■ Task directions:
Among the entries below, retype exactly the lines starting with the one with "Pure Batana Oil" and going on through the one with "-太泰东南亚餐厅(万福广场店)", but not the pictures.

■ Provided records:
-- Opening Marker --

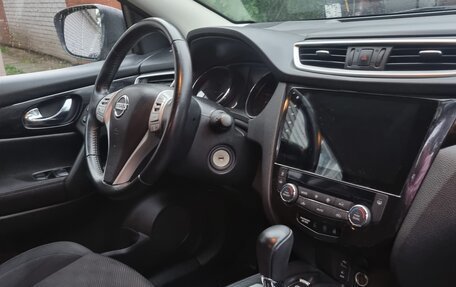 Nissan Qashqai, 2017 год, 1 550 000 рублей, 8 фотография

-- Closing Marker --
-- Opening Marker --

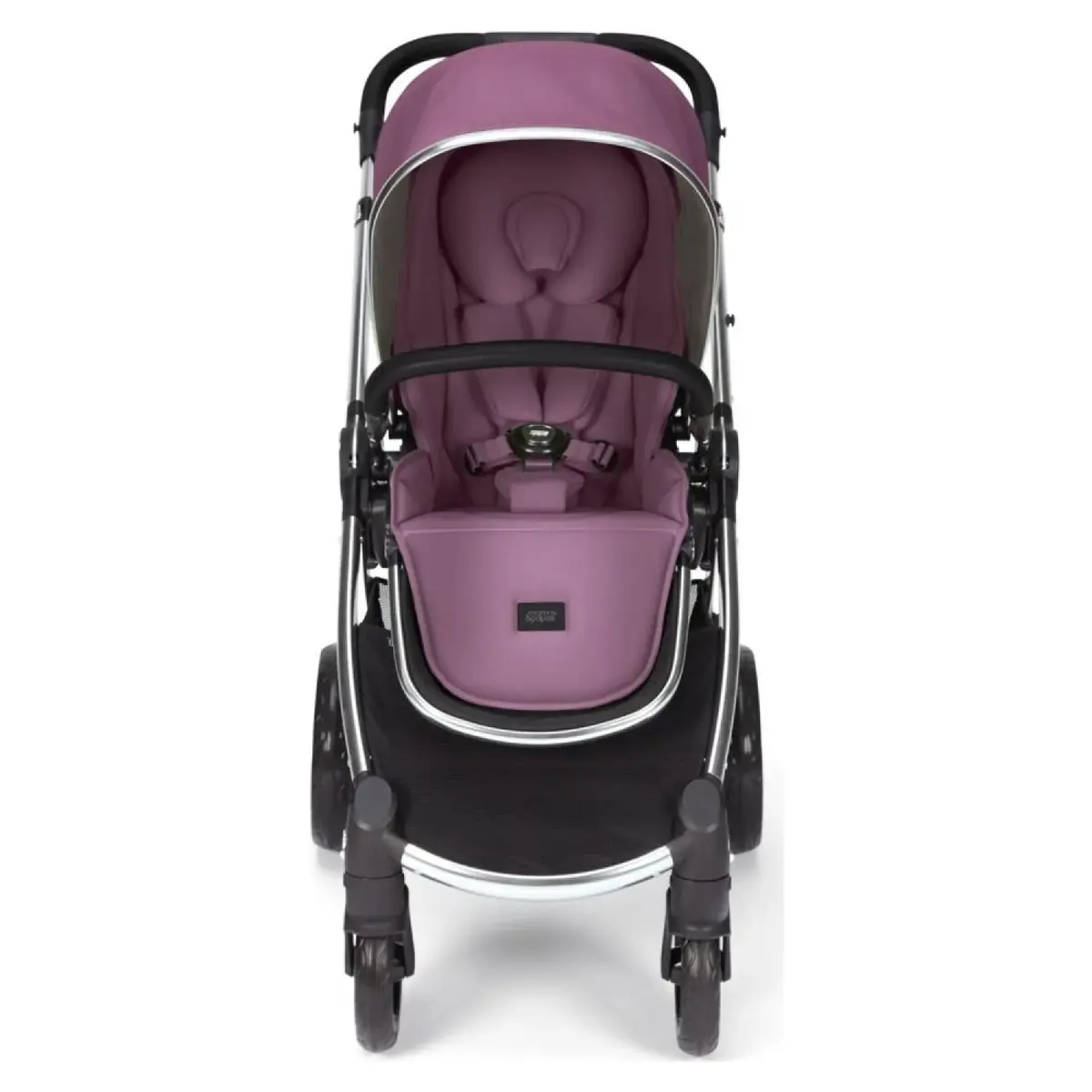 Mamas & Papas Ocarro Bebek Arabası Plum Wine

-- Closing Marker --
-- Opening Marker --

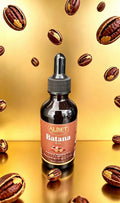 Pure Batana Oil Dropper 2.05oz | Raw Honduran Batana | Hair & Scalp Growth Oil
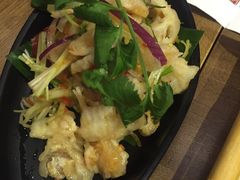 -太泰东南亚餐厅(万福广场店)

-- Closing Marker --

■ Response:
 Pure Batana Oil Dropper 2.05oz | Raw Honduran Batana | Hair & Scalp Growth Oil
 -太泰东南亚餐厅(万福广场店)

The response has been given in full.